Sir: Supplementing my confidential No. 3929, of June 3, 1921, and in confirmation of the Embassy’s telegram No. 119, June 4, six P.M.,12 I have the honor to forward herewith translation of Memorandum No. 1 and its enclosure,13 and copy and translation of Memorandum No. 2. In view of Mr. Pani’s statement that Memorandum No. 1, and its enclosure, has been left at the Department, I am enclosing translations only of those papers.

I gave the Department, in my confidential telegram No. 121, of June 5, 9 A.M.,12 a condensed account of Mr. Pani’s remarks after he had read the Memorandums to me.

On June 6th, upon receipt of the Department’s confidential telegram No. 83, June 6, 5 P.M., I sought an interview with Mr. Pani. I transmitted verbally the Department’s request for information as to what specific action was contemplated by the three branches of the Government of the present regime looking to the adequate protection of American interests. Mr. Pani asked for a memorandum of the subject after I had requested a reply as soon as possible. I also furnished him with a paraphrased résumé of my telegram No. 12112 to the Department, as I had promised to do.

Late yesterday afternoon I received an informal communication from Mr. Pani, enclosing a memorandum of his remarks made on the fourth instant. This appeared to be a revision, or as he stated, a “modification”, of those remarks. I am enclosing herewith a copy and translation of this memorandum. Evidently, Mr. Pani considered that this revision and amplification of his remarks was sufficient to meet my request for information as to what specific action was contemplated, as he said, by the Executive, by the Congress, and by the Supreme Court.

At once, I endeavored to make an appointment with him, but I was unable to see him until noon today, when he dictated the three specific actions reported in my telegram, No. 134, 3 P.M. today.14 It appears that General Obregón now proposes to make use of the Extraordinary Powers conferred on the Executive, by the law of May 8, 1917, to promulgate a Law of Claims, in which, Mr. Pani says, provision will be made for a mixed claims commission. Mr. Pani’s statement as to the declarations made by “the President of [Page 409] the Republic” are those made by General Obregón on April 3rd [2d] last.15 These declarations were reported in full by the Embassy, and are referred to briefly on page 4 of the accompanying Memorandum No. 1. I am unable to attach the importance to the reported declarations of individuals of the Chamber of Deputies, whether members of Petroleum Committees, or not, that Mr. Pani does. The statements he referred to were made more than two months ago, but I have not been able to learn that there has been even an informal report made by either of the two Petroleum Committees. Nor may any action by the Congress be expected, in the near future, unless very strong pressure is immediately brought to bear on the members of the Congress, and it is a question whether General Obregón feels himself strong enough to attempt to do this.

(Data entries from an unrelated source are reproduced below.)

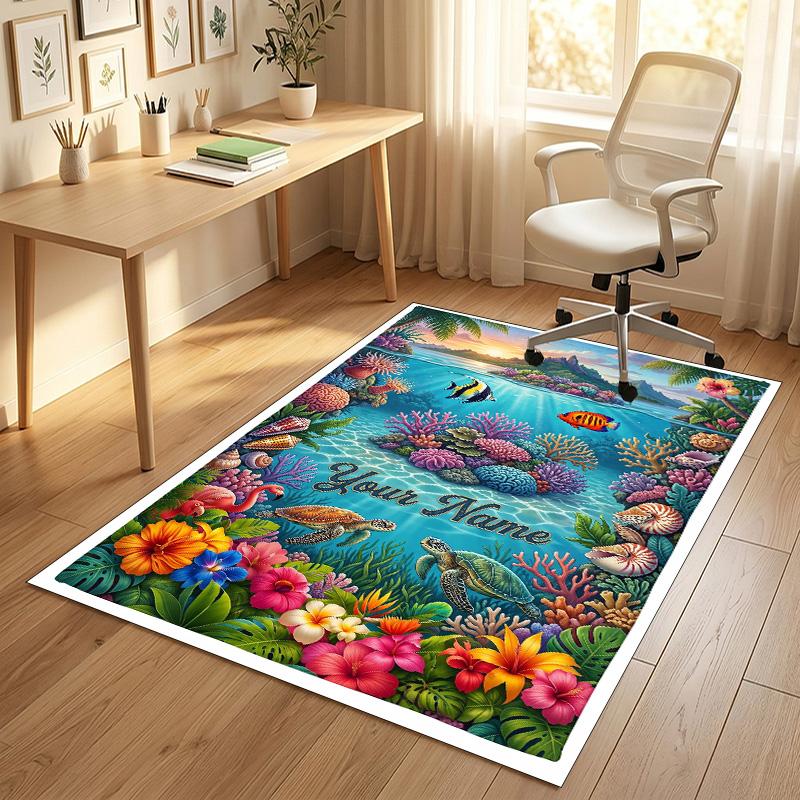 Underwater Friends Theme Soft Crystal Velvet Rug Custom Name & Text Print Non Slip Floor Rug for Bedroom Living Room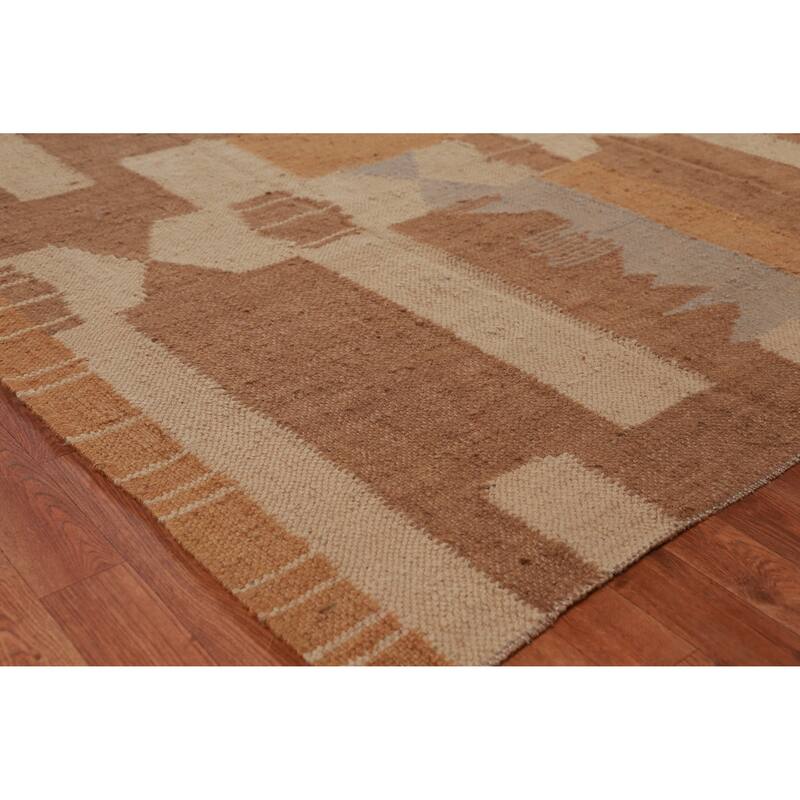 Hand Woven Oriental 100% Jute Carpet Southwestern Modern Brown Kilim Area Rug - 10' 2'' X 8' 3''
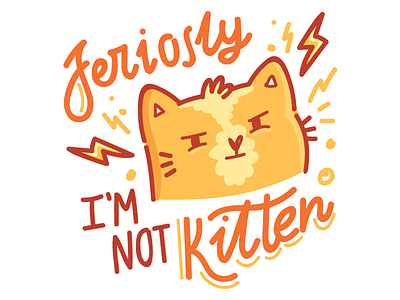 Seriously! cat character cute imessage ios kitten kitty play on words pun quibble stickers wordplay
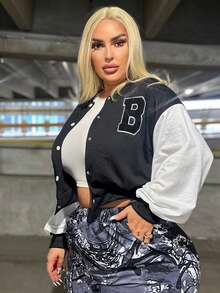 SHEIN SXY 大碼字母貼片落肩短款衛衣 - 黑與白 - 查看 4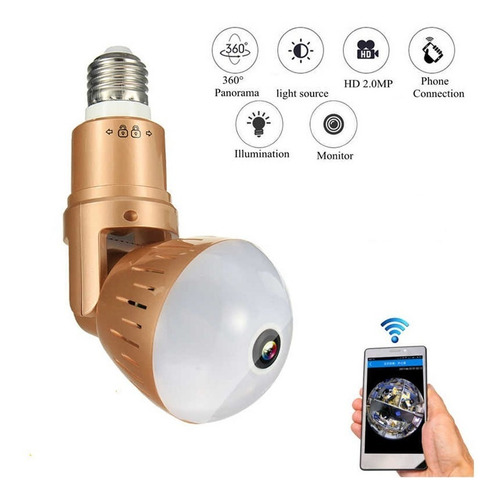 Imagen 1 de 3 de Cámara Bombillo Wifi Flexible 360º Nocturno Ip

I am enclosing summaries in translation of all local Editorials16 on the matter of the negotiations. Short summaries of them have been telegraphed daily.

I shall continue to keep the Department fully advised by cable as to all developments in the matter.

I have [etc.]

George T. Summerlin
[Enclosure 1—Translation]17

The Mexican Foreign Office to the American Embassy 18

Memorandum No. 1

Ever since Mr. Adolfo de la Huerta occupied the Presidency of the Mexican Republic by the designation of the Federal Congress made in accordance with law, the relations between Mexico and the United States of America have been incomplete and abnormal. The intensity of the everyday life which the two countries for obvious reasons necessarily observe maintains the normal aspect in everything which refers to commerce between the two; the Mexican consulates in the United States and the North American consulates in Mexico function normally; the desire of each of the two countries to extend its mercantile operations with the other is continually made manifest, sometimes in an eloquent way by means of excursions of chambers of commerce, etc.; North American public opinion daily expresses its desire that a good understanding with Mexico be cultivated, and Mexican public opinion, in turn, responds to this in similar terms. Notwithstanding all this, purely diplomatic relations [Page 410] are in suspense. Undoubtedly the interdependence of the two countries and their desire daily to reach a better understanding would begin to manifest itself to the benefit of the two peoples if the state of diplomatic relations were an open highway to a good understanding, instead of being (as at present) a dike between the interests of Mexico and the interests of the United States.

In the opinion of the Mexican Government, the present anomalous situation would be completely remedied by the simple act of having diplomatic representatives duly accredited in Washington as well as in Mexico. In this way all pending questions between the two Governments would be easily arranged, and the study of a treaty of amity and commerce, which Mexico would enter into with pleasure, and a revision of existing treaties could be undertaken.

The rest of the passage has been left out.